▶ _REQUIRED ACTION_: For this exercise, reproduce the entries below exactly, but only from the line containing "Biografische und historische" through the line containing "LAW OFFICE SUPPORT SERVICES", both included.

Brief descriptive captions

┌──

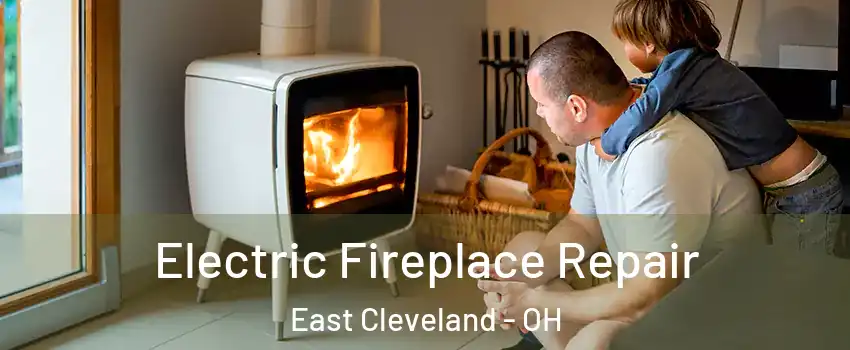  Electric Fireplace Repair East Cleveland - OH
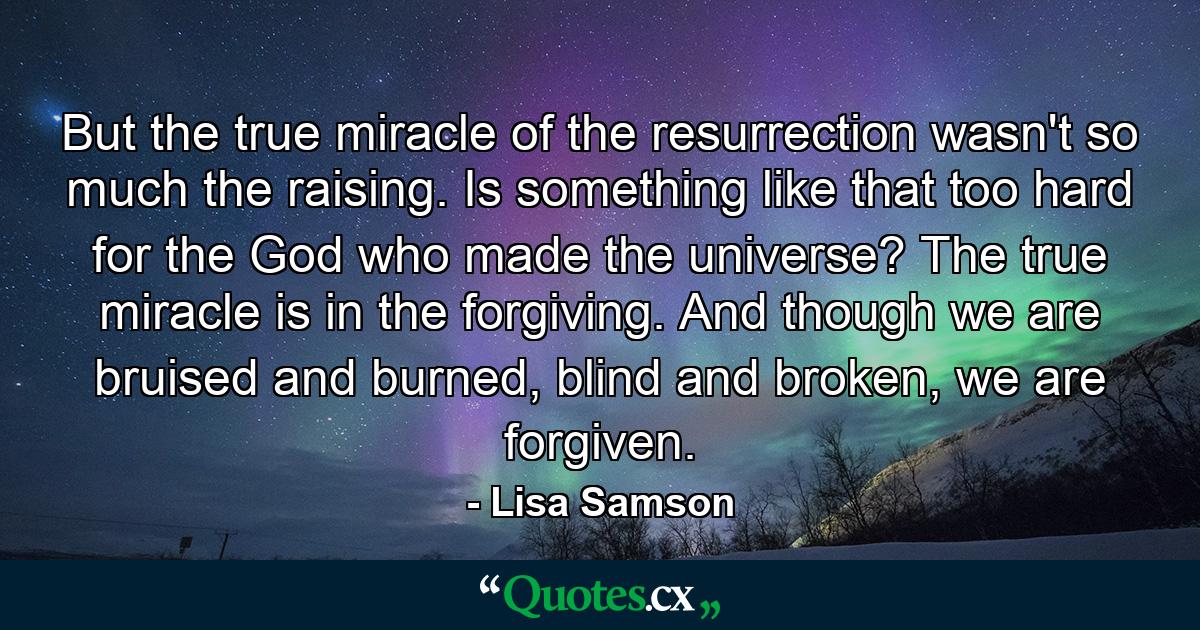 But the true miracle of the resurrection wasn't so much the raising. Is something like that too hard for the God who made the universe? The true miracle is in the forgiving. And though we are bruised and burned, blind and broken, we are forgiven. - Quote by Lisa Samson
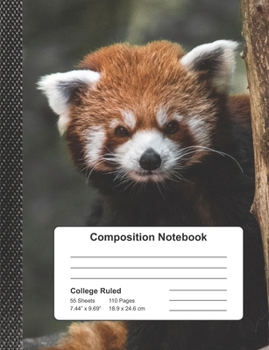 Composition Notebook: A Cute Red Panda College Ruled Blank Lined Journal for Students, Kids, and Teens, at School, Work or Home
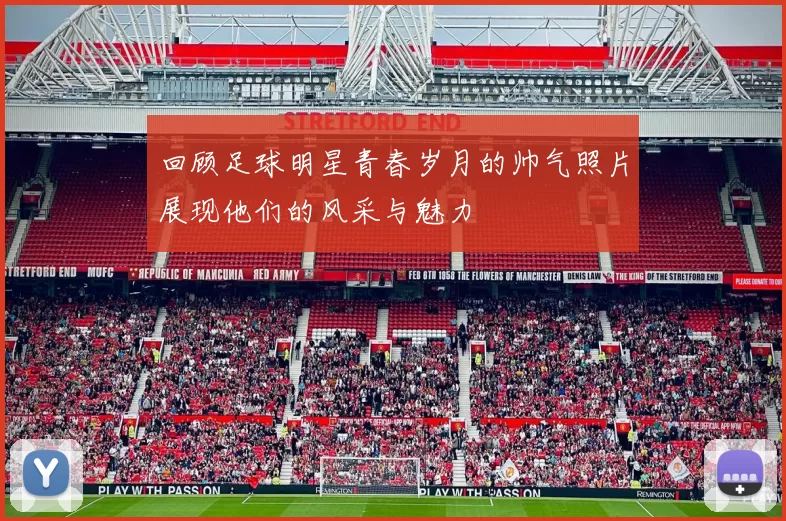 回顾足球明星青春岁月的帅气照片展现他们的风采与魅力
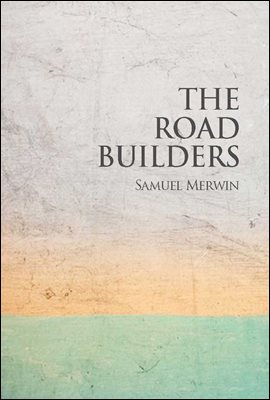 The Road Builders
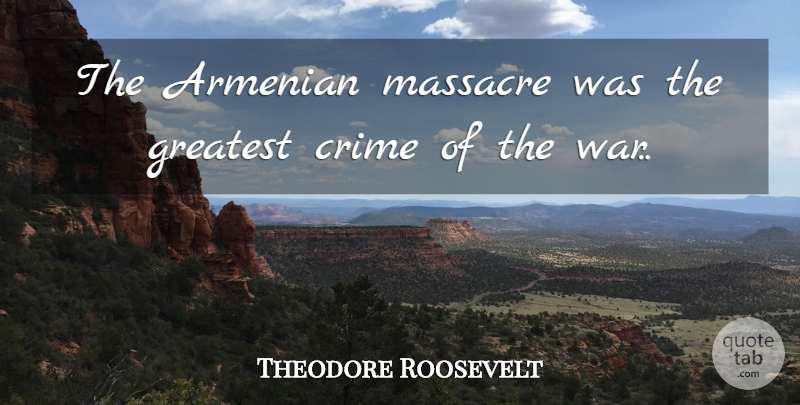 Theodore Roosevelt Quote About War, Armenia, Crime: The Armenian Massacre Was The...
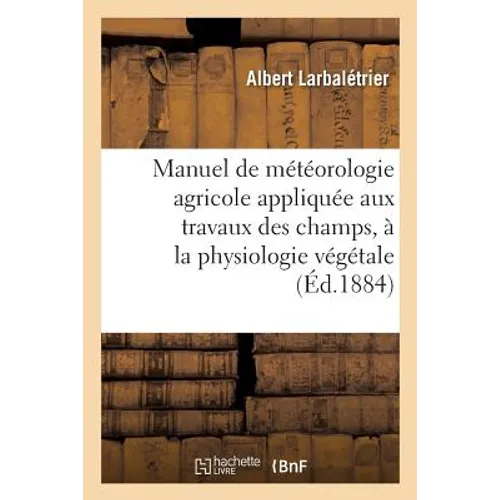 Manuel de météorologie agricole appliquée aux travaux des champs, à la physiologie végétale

└──
┌──

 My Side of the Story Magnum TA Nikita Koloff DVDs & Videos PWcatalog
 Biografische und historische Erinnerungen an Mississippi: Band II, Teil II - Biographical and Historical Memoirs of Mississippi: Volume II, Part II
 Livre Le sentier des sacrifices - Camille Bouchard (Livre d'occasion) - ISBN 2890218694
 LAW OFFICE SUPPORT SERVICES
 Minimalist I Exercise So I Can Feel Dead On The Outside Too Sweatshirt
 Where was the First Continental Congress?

└──

▶ _RESPONSE BELOW_:
 Biografische und historische Erinnerungen an Mississippi: Band II, Teil II - Biographical and Historical Memoirs of Mississippi: Volume II, Part II
 Livre Le sentier des sacrifices - Camille Bouchard (Livre d'occasion) - ISBN 2890218694
 LAW OFFICE SUPPORT SERVICES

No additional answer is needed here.